With 2014 marking 450 years since the birth of playwright William Shakespeare, London is preparing for a year-long celebration. Whether it’s watching the world tour of Hamlet which opens on April 23,2014 at Shakespeare’s Globe, or visiting an exhibition dedicated to his life at the V&A, there’s plenty to keep even the most dedicated of fans enthralled.
Julie Chappell, director of consumer marketing and digital channels, London and Partners, said, “London is the perfect destination to celebrate Shakespeare’s anniversary, as it was here that he debuted some of his most famous plays. Hundreds of years later we are still experiencing his astounding legacy through London’s theatres, museums and literary attractions.”
The open air theatre’s 2014 season will mark the writer’s anniversary with new productions of Antony and Cleopatra, Julius Caesar and The Comedy of Errors. A world tour of Hamlet Globe to Globe will begin at Shakespeare’s Globe on April 23, 2014 and tour every country in the world over a two-year period.

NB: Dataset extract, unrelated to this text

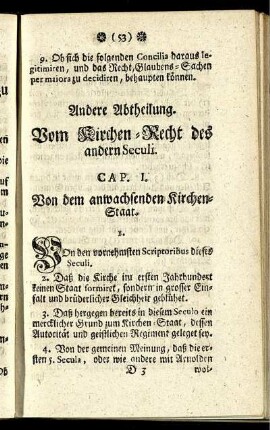 Andere Abtheilung. Vom Kirchen-Recht des andern Seculi.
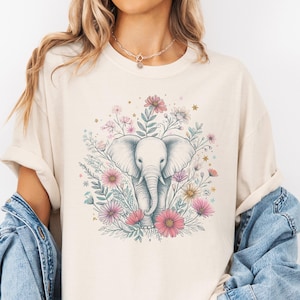 Elephant Floral T-Shirt, Vintage Inspired Elephant Tee, Comfort Colors Safari Shirt, Animal Lover, Nature Lover Gift, Boho Zoo Animal Shirt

A new indoor theatre will also open at the Globe named after its visionary founder – the Sam Wanamaker Playhouse. Opening this month, the candlelit venue’s first performance will be the The Duchess of Malfi.
Open all year round, the Globe Exhibition and Tour gives visitors an opportunity to learn more about the unique building and its most famous playwright. Based under the Globe Theatre, the engaging and informative exhibition explores the life of Shakespeare, the London where he lived and the theatre for which he wrote.
Middle Temple Hall
The first performance of Shakespeare’s Twelfth Night is said to have taken place in the Hall in 1602 with Queen Elizabeth I in attendance.
Middle Temple Hall remains virtually unaltered since completion in the 1570’s and is one of the finest Elizabethan Halls in the country. From the moment one arrives onto the cobbles of the lantern-lit Middle Temple Lane, visitors will feel as though they have stepped back in time to somewhere very special.
V&A, Shakespeare: Our Greatest Living Playwright
This immersive installation will examine the enduring influence and popularity of the world’s most famous poet.
Drawing together objects from the V&A collection and interviews with key contemporary practitioners, Shakespeare: Our Greatest Living Playwright (February 8 – September 28, 2014) examines how Shakespeare’s plays have travelled across centuries and continents to be used as a springboard for theatrical re-imaginings and interpretation.
London Walks, Shakespeare’s and Dickens’s London
London Walks takes Shakespeare and Dickens fans back in time visiting half-timbered Elizabethan dwellings and the early 16th-century gatehouse where the Bard went with his plays to the offices of the Elizabethan Master of the Revels.Despite the ravages of time, traces of their London are still well and truly there for all to see.
The Rose Theatre
When it was erected in 1587, The Rose was only the fifth purpose-built theatre in London, and the first on Bankside – an area already rich in other leisure attractions such as brothels, gaming dens and bear-baiting arenas.
Shakespeare’s plays performed at the theatre included Henry VI part I and Titus Andronicus. Once The Globe was built, the Rose disappeared into history in 1603. In 1989 the archaeological site of the Rose was discovered and since then a long campaign to rebuild the theatre has been underway.
Theatre goers can visit the Rose every Saturday or go and see one of the productions including Shakespeare’s Richard III (1 – 26 April 2014).
Shakespeare in Love, Noel Coward Theatre
Seven times Academy Award winning film Shakespeare in Love is to be adapted for the stage and will start its run at the Noel Coward Theatre in the summer of 2014.
Preview performances of this theatre premiere begin in early July, with box office bookings starting in February.
The play will tell the tale of how, plagued by debt, tormented by writer’s block and in desperate need of a new hit, promising new playwright Shakespeare finds his muse in the form of passionate young noblewoman, Viola De Lesseps. Their forbidden love soon draws everyone, including Queen Elizabeth I herself, into the drama and inspires him to write one of the greatest love stories of all time, Romeo and Juliet.